After some shots, he set off and it was just natural for a photographer to follow him and take some more shots, just to be sure. As the flash went on and off, he asked me to follow him to his shop.
"Oh, he is a shopowner," I thought to myself, wondering what his trade was. "This is going to be real interesting."
(The big Chinese characters read from right to left, Cheung Tak Shing’s Store. It is a typical neighbourhood grocery before the modern times of supermarkets and convenient stores glore)
So a minute or two later we were here, "Cheung Tak Shing's Store". It was no doubt that the old man was Cheung Tak Shing himself. His store was a neighbourhood grocery, selling items from cigarettes to joss sticks. It was a tiny store as shown in the picture, with the private section at the back portion of it. The noise from the private section wafted to the walkway outside the store where I was standing.
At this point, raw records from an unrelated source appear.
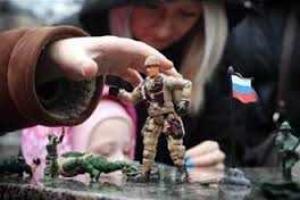  Малыши отправили российскому президенту солдатиков.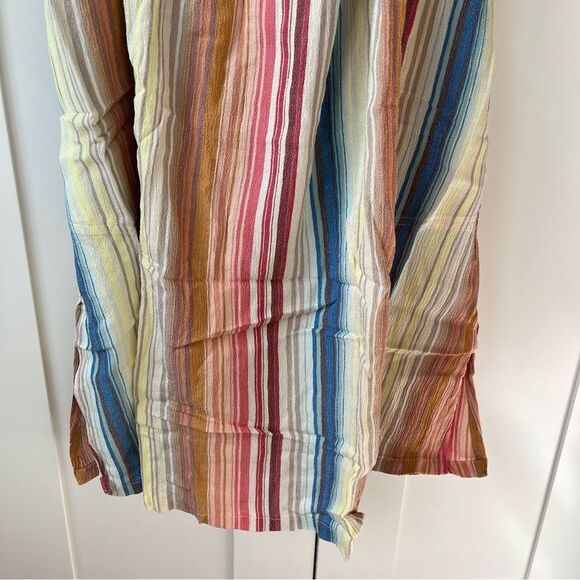 PrAna Fernie Dress In Multi Baja Stripe Strappy Pockets Size Medium NWT - Picture 7 of 15
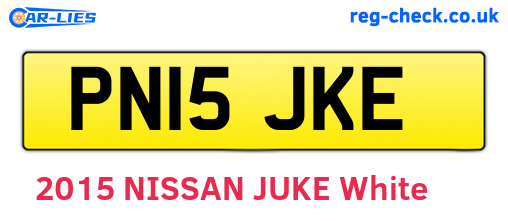 PN15JKE are the vehicle registration plates.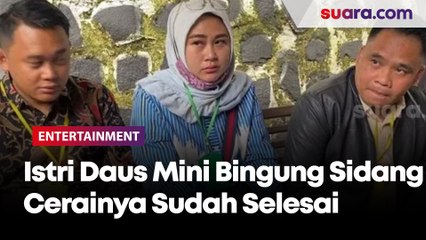 Datang ke Pengadilan, Istri Daus Mini Bingung Sidang Cerainya Sudah Selesai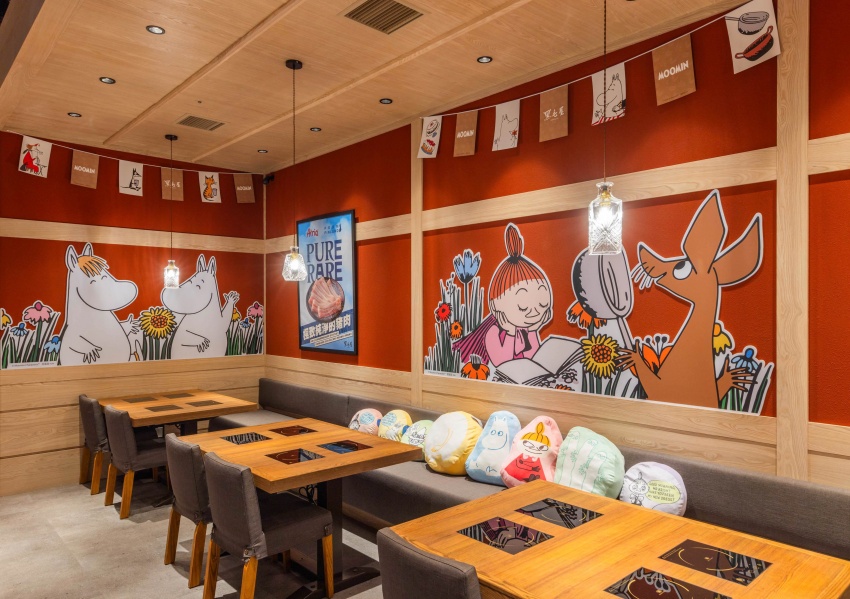 南港LaLaport限定！黑毛屋X姆明火鍋店380元一人火鍋，嚕嚕米陪吃再送周邊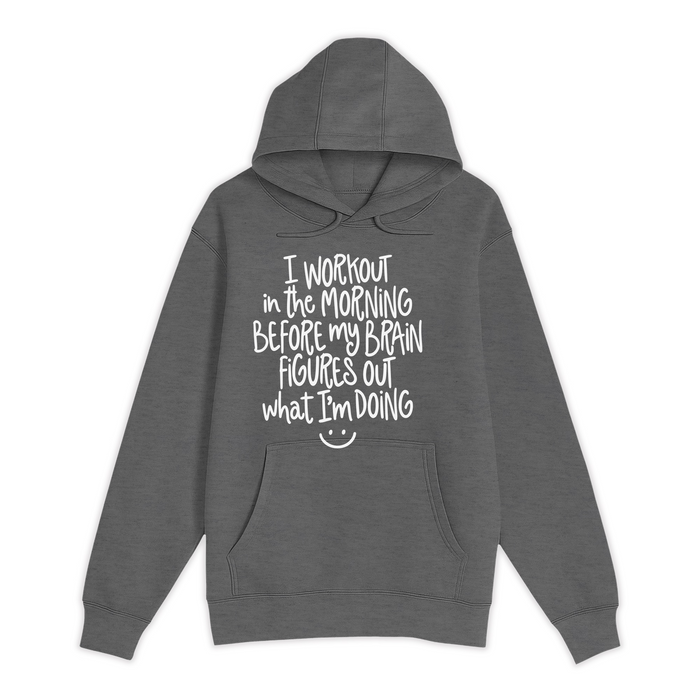 Unisex Small Charcoal Heather Pullover Hooded Sweatshirt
Some people were playing mahjong inside.
("I am ninety years old," he says. But he is mistaken)
I, holding up my camera, asked him, "How old is your shop, Mr Cheung?"
"I have been running it for forty years," he replied and, pausing for some seconds to fumble from his mind, continued, "My store is as old as this estate."
"Wow, that's something of an achievement, Mr Cheung," I said both wholeheartedly and with another question in mind. "And you look so agile in your age!" I exclaimed and succeeded in getting the answer to my unsaid question.
"Well, I am ninety years of age," he let out an air of self-admiration in his voice.
(Mr Cheung looks amused when an old customer corrects him about his age)
It was this moment when another old man standing just next to me interrupted him in a casual way, "Ah Cheung, you are just eighty one this year." The man was a resident and an old customer of the grocery.
"Oh, yes, yes ,yes. Eighty one this year," the octogenarian owner gasped in surprise and amusement.
(Sales item from bottom clockwise: bottled Chinese herbal drinks, Chinese rice wine, boxes of Chinese alcholic health tonics, various brands of cigarettes on his left and beers below. Well, he makes his living as the good guy and the bad guy)
"I've mixed it up. I am eighty one and have eight children. They are all here today," he looked very pleased about the children as he said this.
"Who won't?" a voice spoke in me .
"Ah Cheung," the old customer was still there, "you have nine children! You must be out of your mind today."
Mr Cheung scratched his head in a comb-over style to cover the otherwise bald head. He laughed heartedly in embarrassment.
(He puts up nine fingers to make an emphatical correction)
"I am eighty one years old and have nine children. Nine children," he showed up nine fingers and corrected himself emphatically.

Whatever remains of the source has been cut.